An important objective of forecasting is “to inform decisions about the scheduling of production, transportation and personnel, and provide a guide to long-term strategic planning.... [Forecasting] is about predicting the future as accurately as possible, given all of the information available, including historical data and knowledge of any future events that might impact the forecasts.”
Forecasting is central to the work of business analytics. In a blog four years ago, I cited Forecasting and Time Series Methods as core to an applied statistics curricula. And while that curricula would be a little more data and programming heavy if I were to update my thoughts today, forecasting would still be front and center.
The mathematics behind the methods developed in FPP is modest. Instead, the focus is on examples using functions from forecast and data from fpp in comprehensive illustrations. This approach is not unlike that of many books on R and one I believe works well for teaching applied methods.
The point of FPP departure is classical linear regression, which in turn progresses to time series decomposition, exponential smoothing, and autoregressive moving average (ARIMA models. An advanced section introduces dynamic regression, neural networks, vector autoregressions and grouped/hierarchical models. The book is not over-enamored with the more mathematically-sophisticated methods, adopting a pragmatic “simplest that works” philosophy.
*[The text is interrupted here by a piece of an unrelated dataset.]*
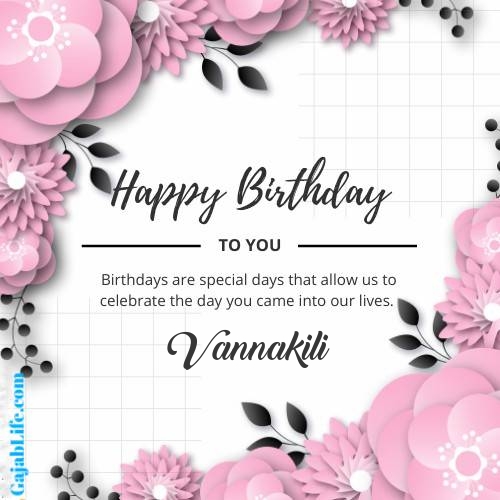 Vannakili happy birthday wish with pink flowers card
As a grad student many years ago, I had the good fortune of taking a course on time series modeling with ARIMA co-originator, George Box. At the time, I thought that developing such models was more art than engineering. And though packages for generating ARIMA forecasts are much more sophisticated today, there remains a significant artful element to identifying the underlying models.
This is not a problem for the analytics professional when she has to identify a small number of time series. But what about when confronted with simultaneously generating scores or even hundreds of such models, a challenge I recently faced in a consulting engagement? It's just not feasible to independently “visit” each model for every forecasting period.
Hyndman agrees, noting that most users are not expert at fitting time series models and cannot beat the best automatic algorithms, especially when many businesses and industries need thousands of forecasts every week/month.
That's where forecast's automatic forecasting procedures for exponential smoothing (ets) and ARIMA (auto.arima) come to play. Both functions automate the model-building process, searching across a wide swath of parameters, ultimately returning “best” models according to either AIC, AICc or BIC optimization criteria. Kind of takes statistical forecasting in a machine learning direction.
My experience is that while I might be able to produce better one-offs, I cannot, overall, be more effort and accuracy efficient than the automated ets and arima models.
I like Hyndman's take on forecasting and his R forecast package a lot. I'd recommend that analytics professionals seeking a trusty forecasting toolkit take a close look.